Photography clients don’t always have the time or budget to accommodate elaborate photo shoot setups, and some locations make using heavy equipment infeasible. However, dramatic, high-quality images can be made with portable, inexpensive equipment. Master photographers are able to use this simple, mobile photography gear to make it seem as if they’ve hauled expensive studio lights to a remote setting. In this video, Joe McNally explains the minimalistic lighting setup he used to photograph performance artist Deidre Dean in a burnt out New Mexico forest:
McNally’s lighting diagram simplifies his setup. He used a 14-24mm zoom lens, a Speedlight Commander, and three speedlights shot through a Lastolite 8-in-1 Umbrella with its covers removed. Shooting three strobes through the umbrella resulted in faster recycling time and more power to simulate a larger light source.
The secret tool utilized during this photo shoot can be purchased in a hardware store: a Shur-Line extendable paint pole.
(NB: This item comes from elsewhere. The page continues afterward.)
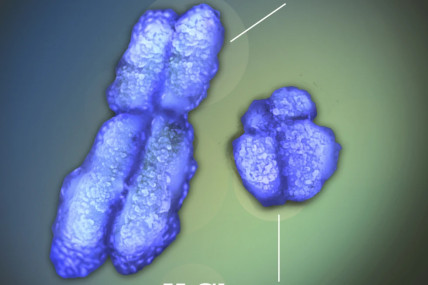This image provided by National Institutes of Health (NIH) shows the X and Y chromosomes.  AP/RSS Photo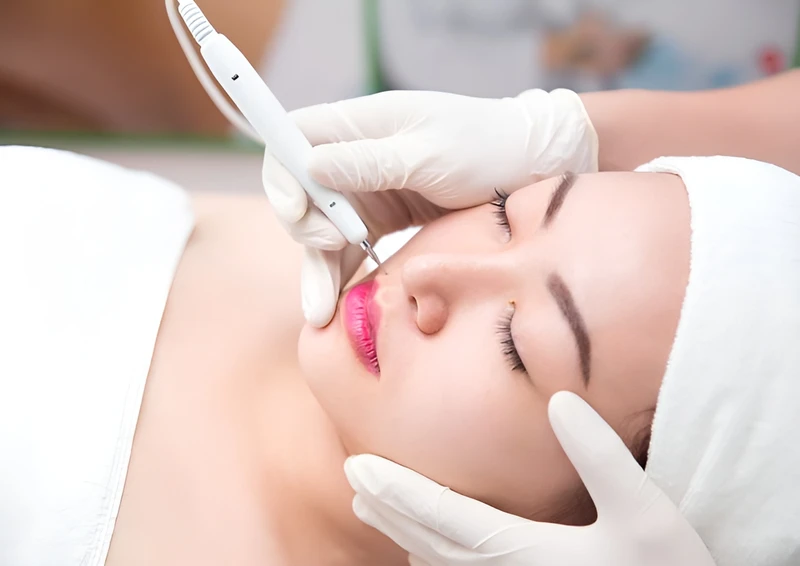 Tẩy nốt ruồi 33hello88 tiền? Cách chăm sóc da chuẩn y khoa sau khi tẩy nốt ruồi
Using a paint pole in combination with a Kacey Pole Adapter allowed McNally to mount a triflash and have an assistant position the main light as high as necessary to create an impressive photograph.
Creativity with tools that aren’t necessarily designed with photography in mind saves money while allowing portability. Being able to light a scene well even in hard-to-reach locations can make any photographer stand out from the competition.